-- Exercise directions --
Where an image appears, leave it out; otherwise repeat the data exactly.

═════ Supplied data ═════

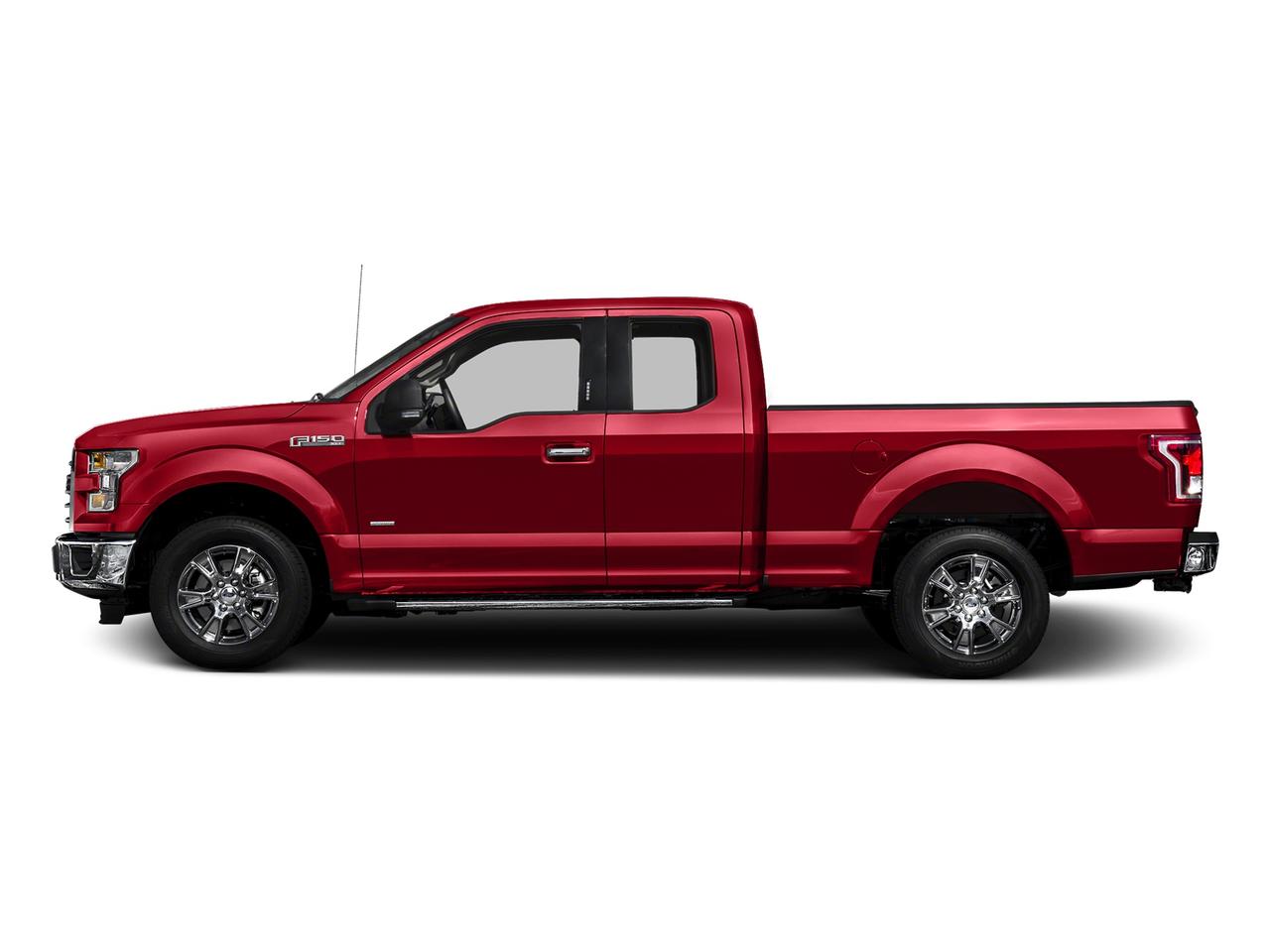 2016 Ford F-150 4WD SUPERCAB 145" XLT Photo2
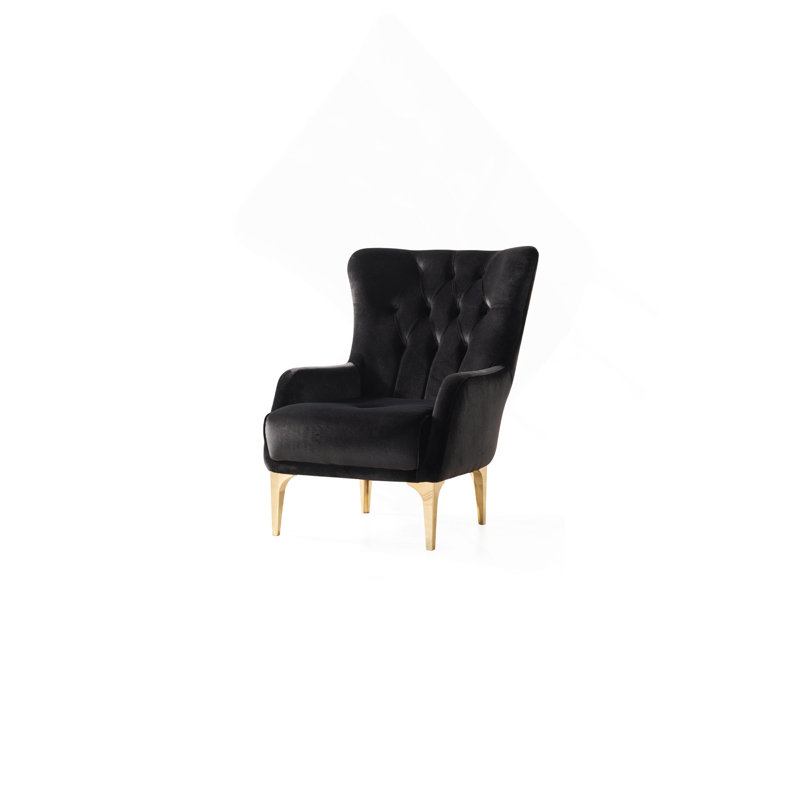 Chaise moderne en noir, Noir, noir, noir, noir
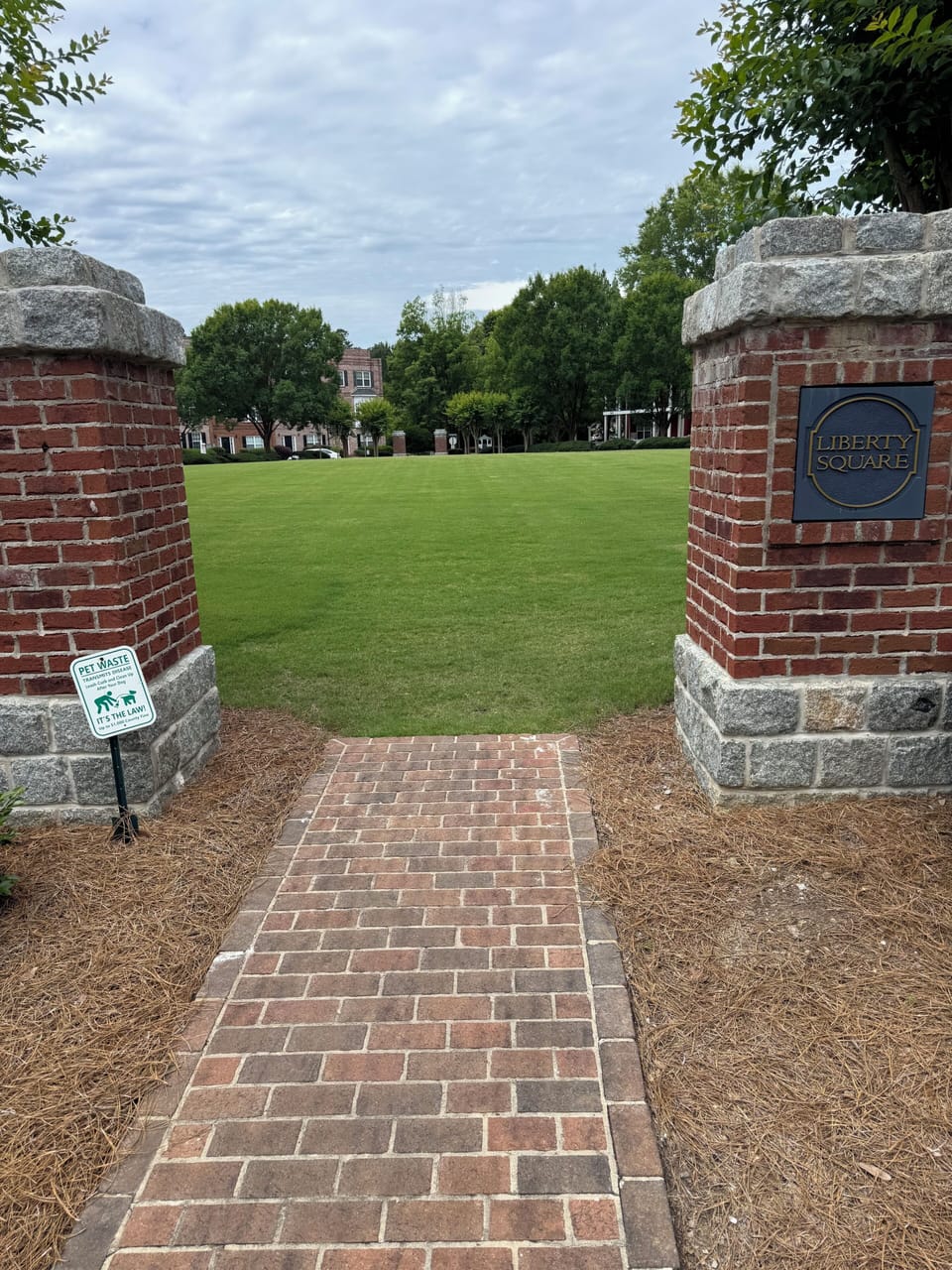 Property grounds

═════

-- Final answer --
 2016 Ford F-150 4WD SUPERCAB 145" XLT Photo2
 Chaise moderne en noir, Noir, noir, noir, noir
 Property grounds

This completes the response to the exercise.